From Benjamin Franklin to James Read, 17 August 1745
To James Read6
MS not found; reprinted from The Port Folio, I (1801), 165–6.7
Saturday morning, Aug. 17, ’45
Dear J[emmy],
I have been reading your letter over again, and since you desire an answer, I sit me down to write you one; yet, as I write in the market, [it] will, I believe, be but a short one, tho’ I may be long about it. I approve of your method of writing one’s mind, when one is too warm to speak it with temper: but being myself quite cool in this affair, I might as well speak as write, if I had an opportunity. Your copy of Kempis, must be a corrupt one, if it has that passage as you quote it, in omnibus requiem quaesivi, sed non inveni, nisi in angulo cum libello.8 The good father understood pleasure (requiem) better, and wrote, in angulo cum puella. Correct it thus, without hesitation. I know there is another reading, in angulo puellae; but this reject, tho’ more to the point, as an expression too indelicate.
Are you an attorney by profession, and do you know no better, how to chuse a proper court in which to bring your action?
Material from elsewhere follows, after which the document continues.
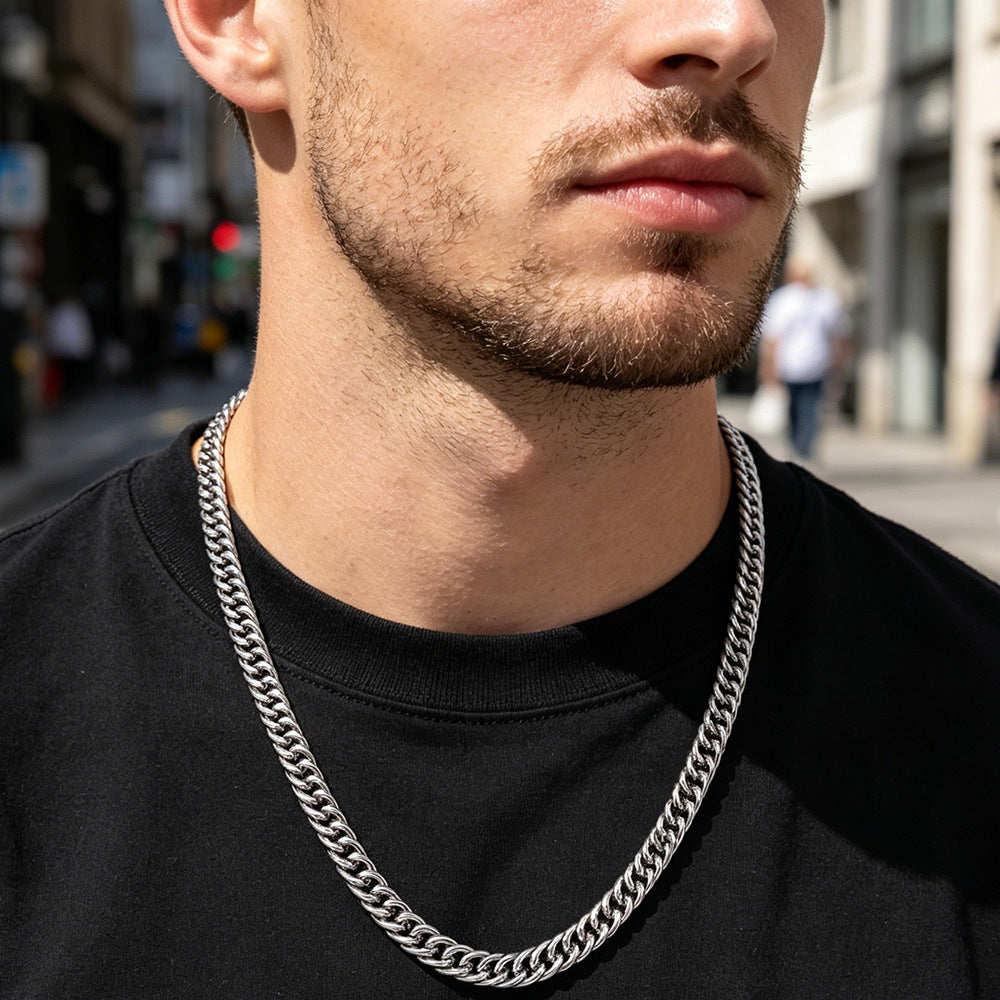Titanium Steel Cuban Link Chain Necklace - Single Color Minimalist Hip-Hop Style for Men & Women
Would you submit to the decision of a husband, a cause between you and his wife?9 Don’t you know, that all wives are in the right? It may be you don’t, for you are yet but a young husband. But see, on this head, the learned Coke, that oracle of the law, in his chapter De Jus Marit.Angl.1 I advise you not to bring it to trial; for if you do, you’ll certainly be cast.
Frequent interruptions make it impossible for me to go thro’ all your letter. I have only time to remind you of the saying of that excellent old philosopher, Socrates, that in differences among friends, they that make the first concessions are the WISEST; and to hint to you, that you are in danger of losing that honour in the present case, if you are not very speedy in your acknowledgments; which I persuade myself you will be, when you consider the sex of your adversary.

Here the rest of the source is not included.